1) Key Length and Cryptographic Export
The export of cryptographic technology is covered by the ITAR (the International Traffic in Arms Regulations). In brief, any software containing strong cryptography must be approved by the State Department before export. The laws are in flux, and the administration seems to be warming to the idea of relaxing the regulations for some product families, such as health software and e-commerce products. Some bills have recently been proposed to allow broader export of strong encryption. (For example, Rep. Bob Goodlatte has authored one that did not get through Congress in the recent session.) But none has yet been approved.
In previous years, the rules seemed simple: "short key good, long key bad." Now they are much more complex, and changing rapidly. To get a clear idea of whether software from the project you mentioned could be legally exported, I'm afraid you will need information from a lawyer or legal expert who is currently working in this area.
2) Future Articles on Public-Key Encryption
Public-key encryption has long been encumbered with US patents held by Public Key Partners (PKP), which we conservatively assume to cover any form of public-key cryptography in the US. The grandparent of these patents, the Diffie-Hellman patent, expired last year. Some public-key encryption techniques not covered by other patents (such as the ElGamal approach) may now be open for use.
I haven't considered developing a public-key Cryptor yet, mostly out of concern for patents and other intellectual-property issues. Moreover, public-key systems require much more than the basic encryption engine to work well. Key exchange protocols, digital signatures, and several other complex behaviors must all be covered before you can use a public-key system properly.
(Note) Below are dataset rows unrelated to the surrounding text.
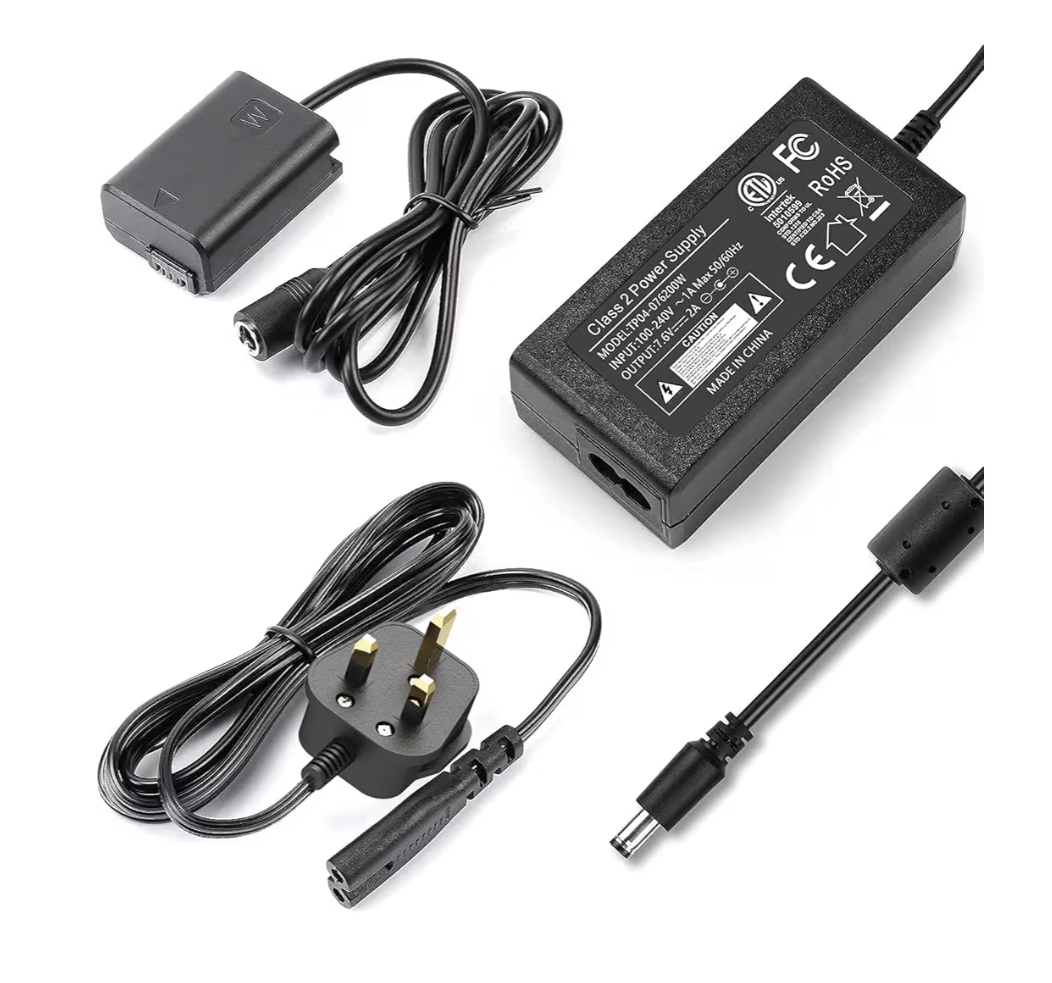 Acpw20 ac power supply adapter and np-fw50 dummy battery coupler kit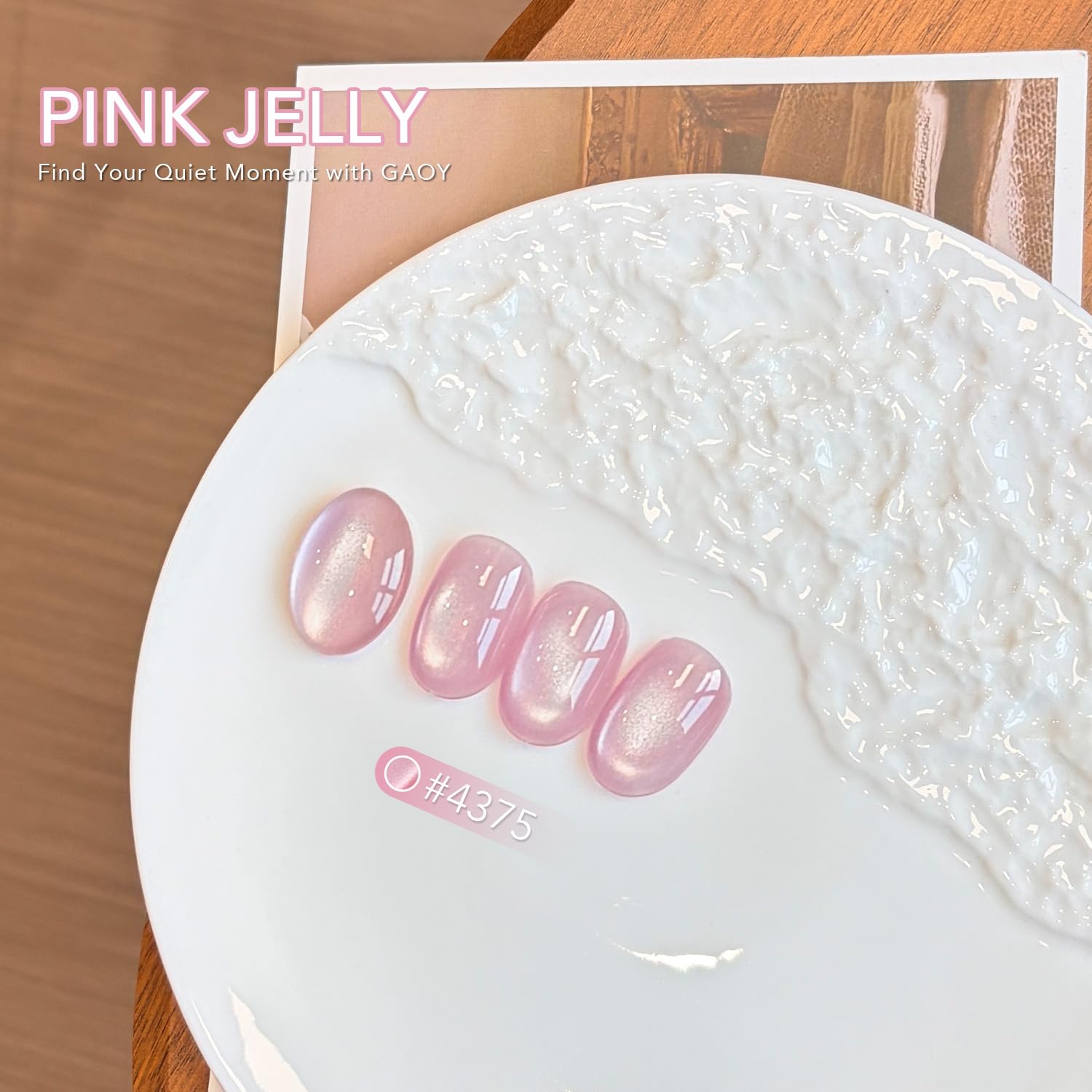 GAOY brush stroke swatch revealing holographic pink jelly shine and smooth coverage
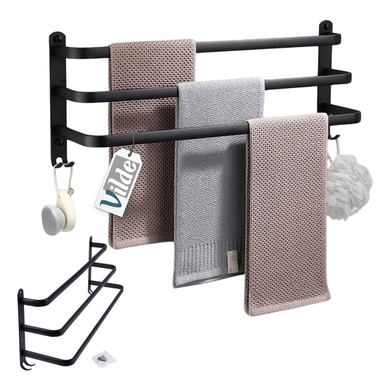 Držač za ručnike za kupaonicu, mat crni, 60 cm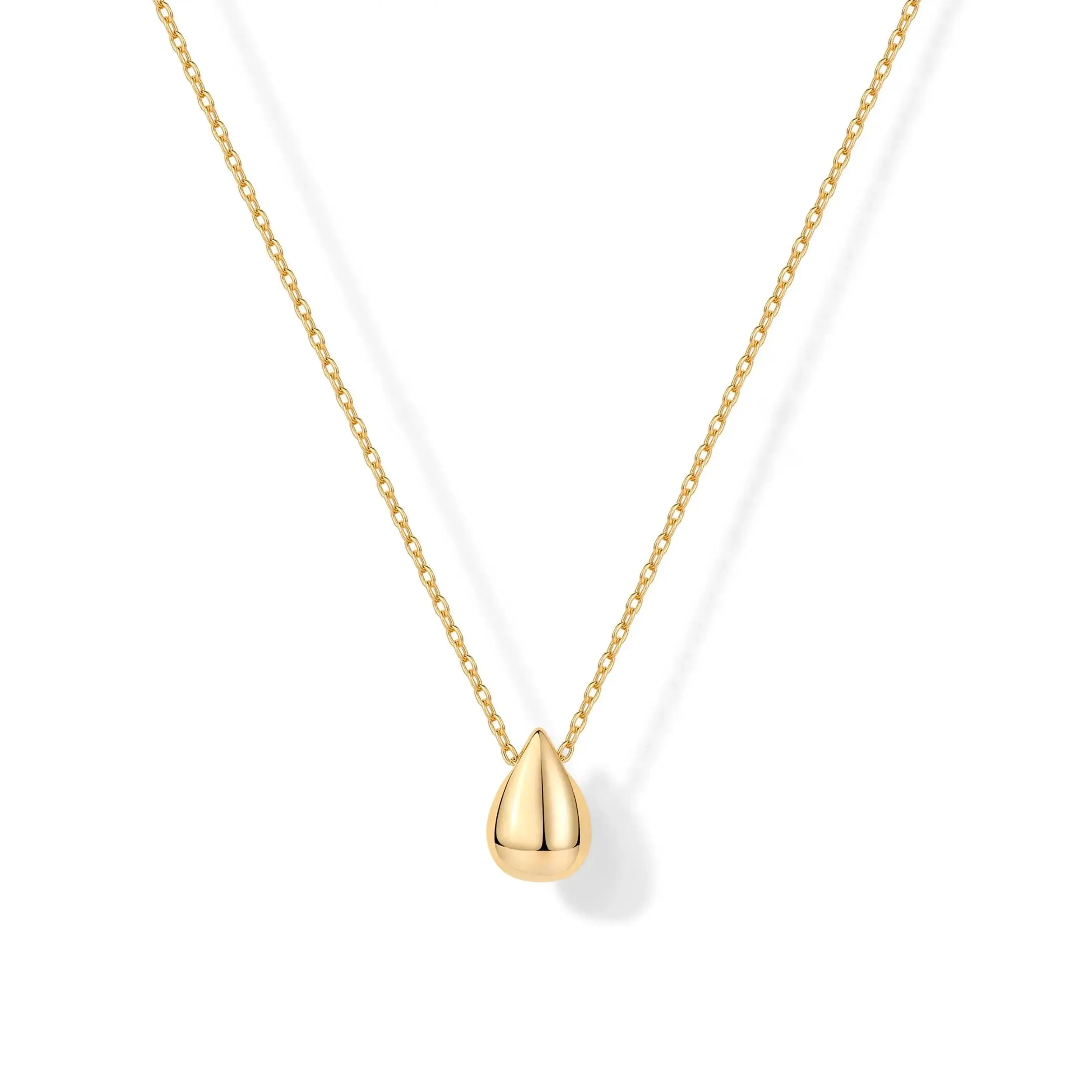Teardrop Pendant Necklace for Women, Minimalist Water Drop Necklace with Adjustable Chain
I don't think all the detail needed for a successful public-key system could be compressed into a single article. On the other hand, I believe that serious developers who plan to offer Internet services in their software need to be aware of the basic public-key protocols. These protocols support safe commerce and secure data exchange, and there is no way to avoid them — no other approaches allow secure communication over a public network.
I'd like to offer two suggestions. First, you should search the Web for current information on PKI (Public-Key Infrastructure) efforts. (A massive links page can be found at http://www.excelmail.com/.) These PKI products and services reflect the real use of public-key methods, and let you see how complex the protocols and administration become when they're used seriously. Second, you may want to buy a commercial encryption library for public-key services. In addition to the encryption algorithms, the libraries generally support all the necessary public-key infrastructure, including digital identification certificates, secure key exchange, message digests, digital signatures, and so on. Without all those extra services, the encryption code alone is not very useful.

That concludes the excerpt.